Dovrebbe anche sapere che i ministri ‘ competenti’, una volta nominati dal presidente della repubblica, saranno cavalli sciolti dediti a altri e comunque fuori da ogni controllo e da ogni ansia di rinnovamento.
Il secondo assunto che preoccupa è che costei dice di puntare al ‘governo delle competenze’
Questo è uno schiaffo alle convinzioni pluridichiarate. Le competenze e i tecnici sono quanto di più lontano ci possa essere dal ‘primato della politica ‘, dall’affermazione dei valori come priorità assoluta.
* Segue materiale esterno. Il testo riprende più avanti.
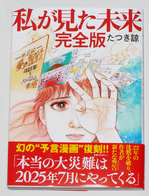 私が見た未来完全版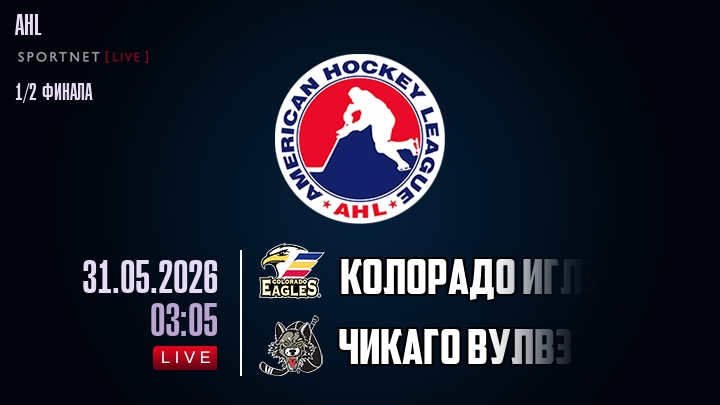Колорадо Иглз - Чикаго Вулвз хайлайты 2026-05-31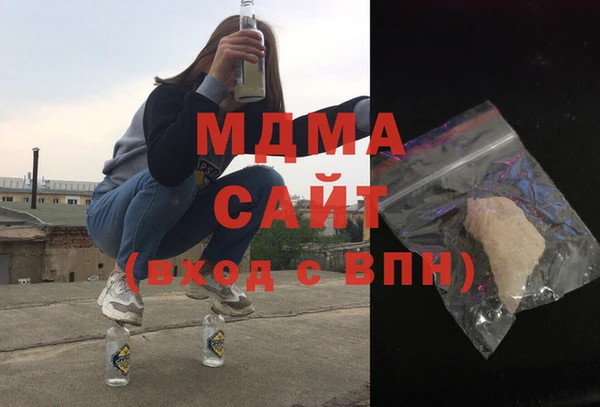 скорость Липки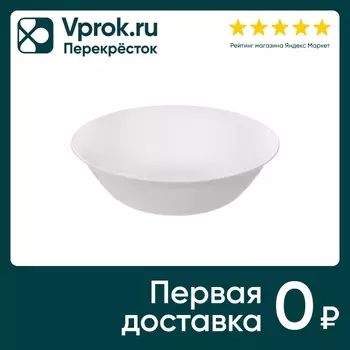 Салатник Олафф белый 19см 830мл - Vprok.ru Перекрёсток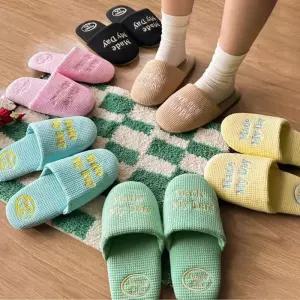 [라일리] Rly 메이드마이데이 면 폭신 슬리퍼 실내화 여성 거실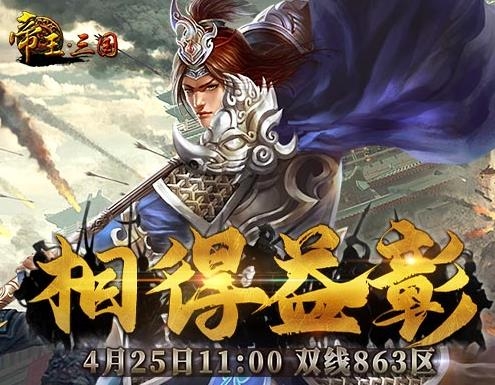 帝王三国手游最新版 帝王三国手游最新版
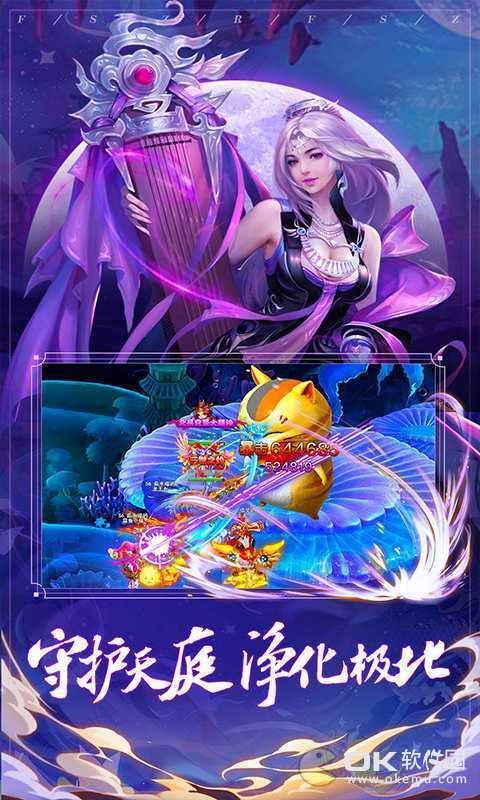 封神之刃守护天庭手游官方正式版图3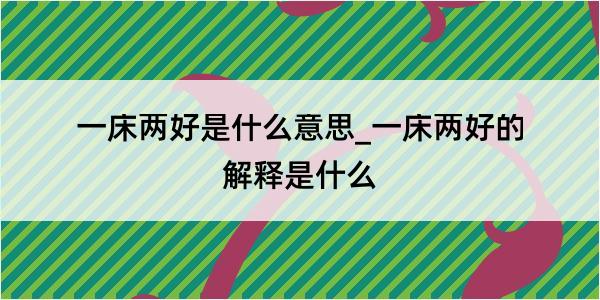 一床两好是什么意思_一床两好的解释是什么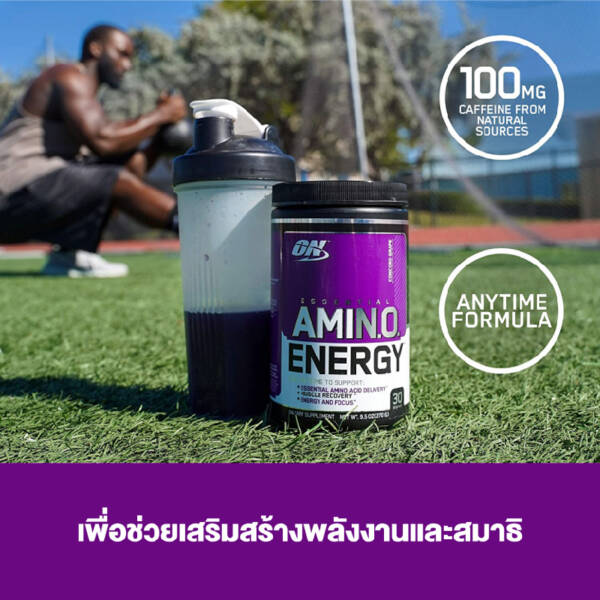 (Free! 3 Sachet)OPTIMUM  Amino Energy - 30 Serve - Image 7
Ce ne corre dal far quadrare i conti teorici sulle carte a far tornare i conti in corpore vili sui diritti, l’economia reale, gli interessi di comunità
Ce ne corre quanto fra un governo delle competenze e un governo della politica, fra un governo del mondo di sopra e un governo espressione dei cittadini.
Senza contare che, come si è visto, fra le ‘competenze’e i prescelti ‘ di livello’si anniderà di sicuro – come l’esperienza unanime insegna-il reginicida di turno.